_AIM OF THE TASK:_ Repeat, word for word, all the data that follows, and exclude the pictures.

── MATERIAL PROVIDED

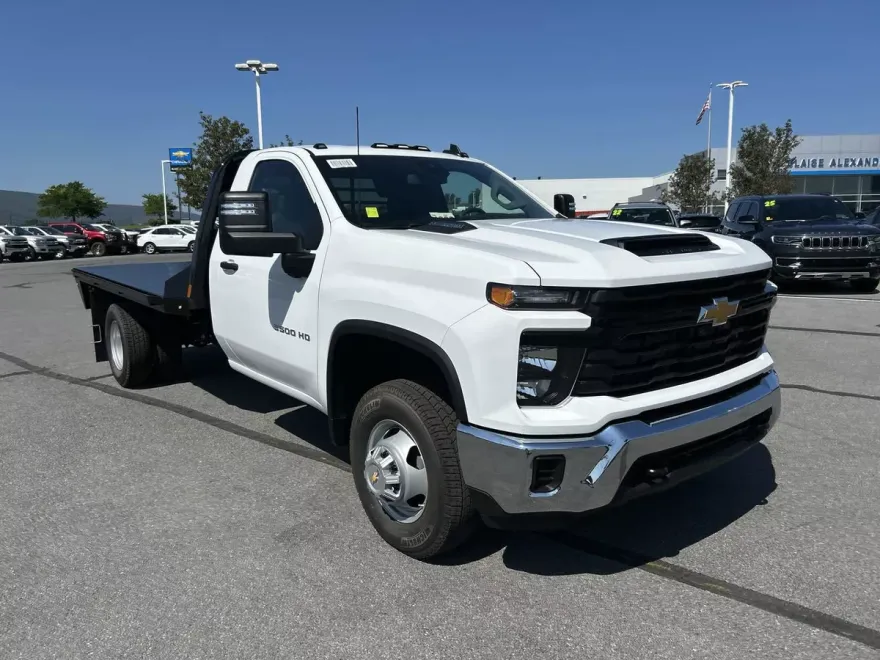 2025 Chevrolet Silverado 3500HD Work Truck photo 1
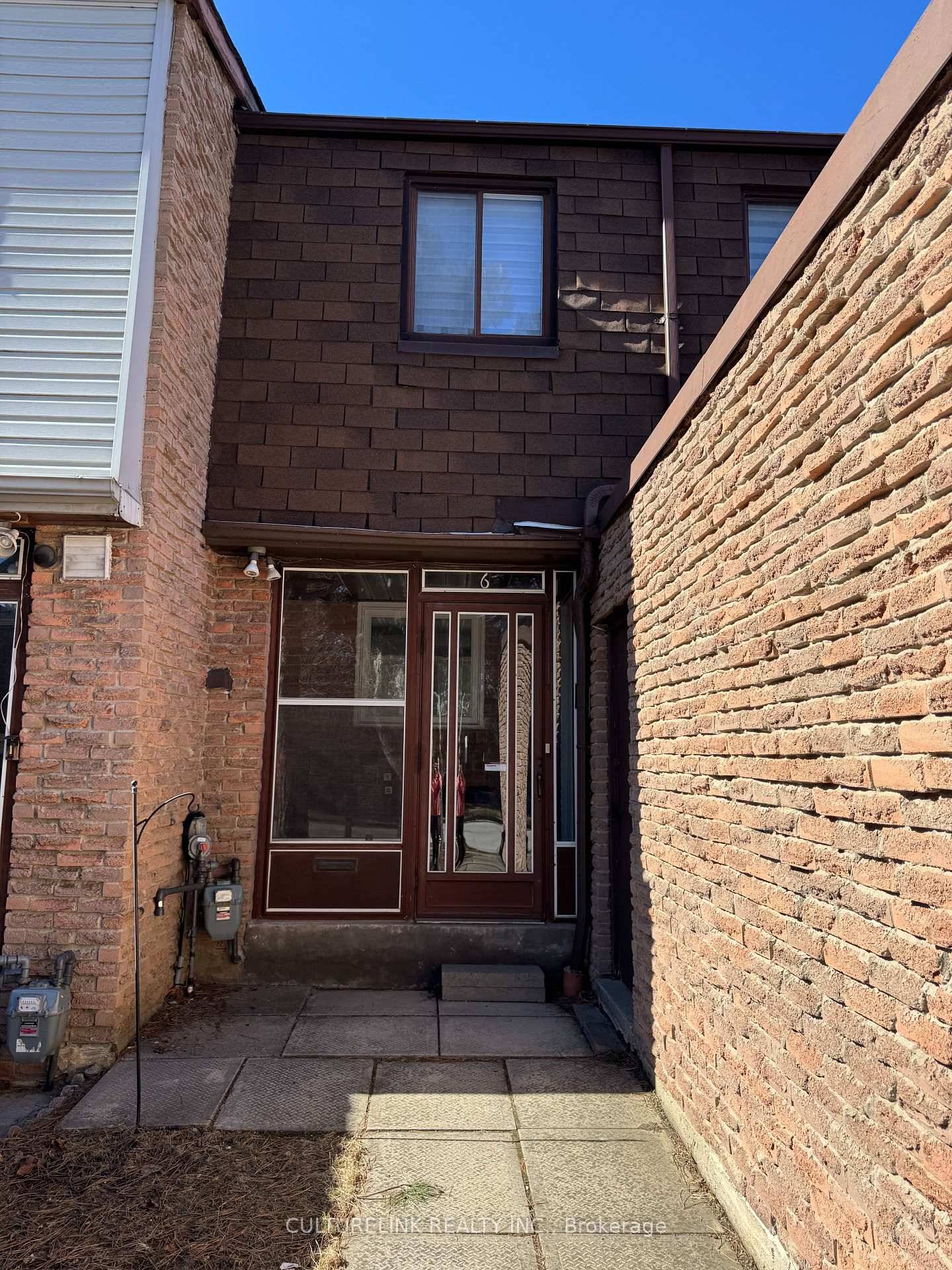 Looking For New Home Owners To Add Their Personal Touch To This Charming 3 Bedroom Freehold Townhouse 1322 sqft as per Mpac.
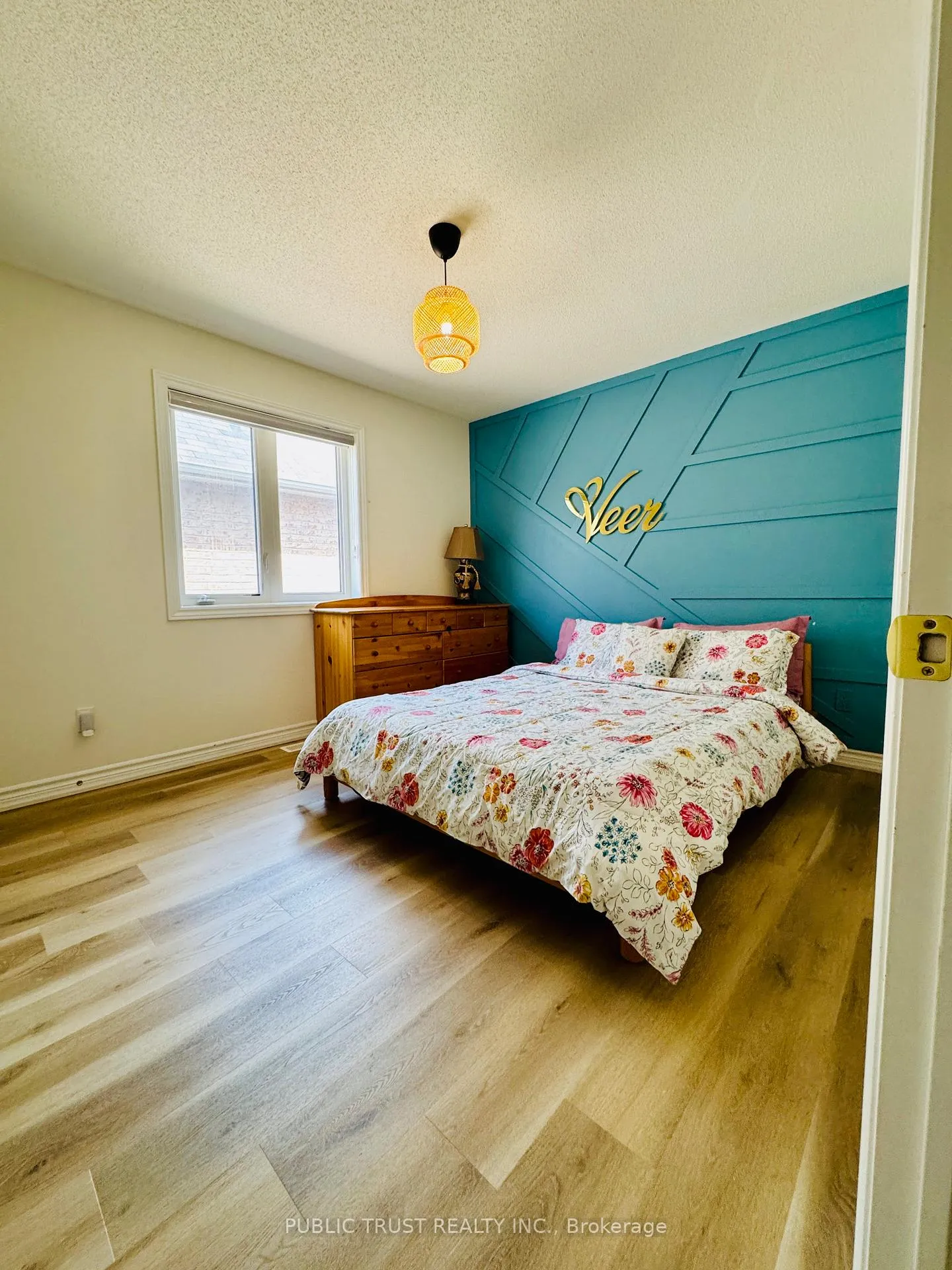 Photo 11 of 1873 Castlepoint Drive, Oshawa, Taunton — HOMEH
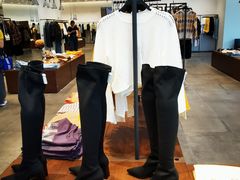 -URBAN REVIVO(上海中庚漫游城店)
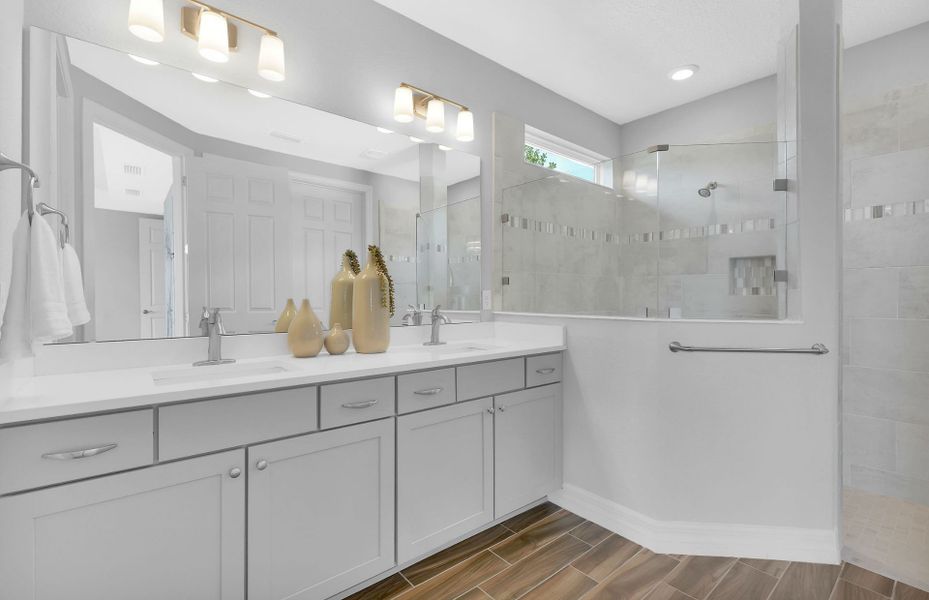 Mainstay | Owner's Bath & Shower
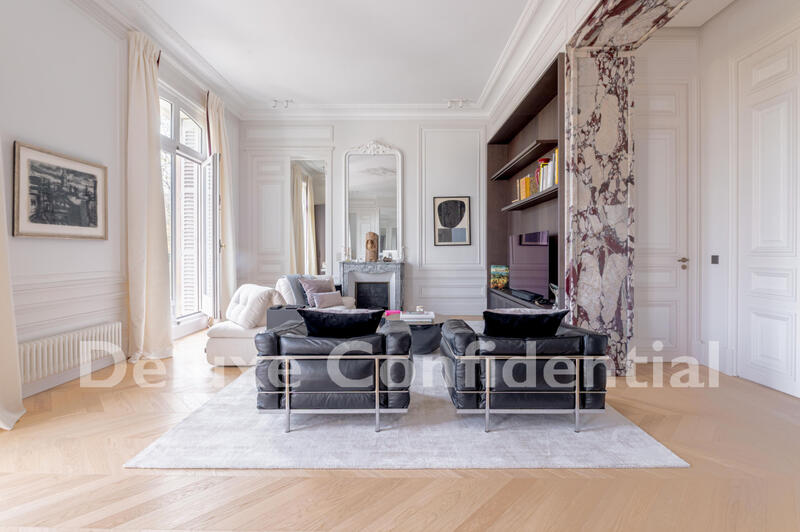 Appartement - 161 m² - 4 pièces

────

_EXERCISE SOLUTION:_
 2025 Chevrolet Silverado 3500HD Work Truck photo 1
 Looking For New Home Owners To Add Their Personal Touch To This Charming 3 Bedroom Freehold Townhouse 1322 sqft as per Mpac.
 Photo 11 of 1873 Castlepoint Drive, Oshawa, Taunton — HOMEH
 -URBAN REVIVO(上海中庚漫游城店)
 Mainstay | Owner's Bath & Shower
 Appartement - 161 m² - 4 pièces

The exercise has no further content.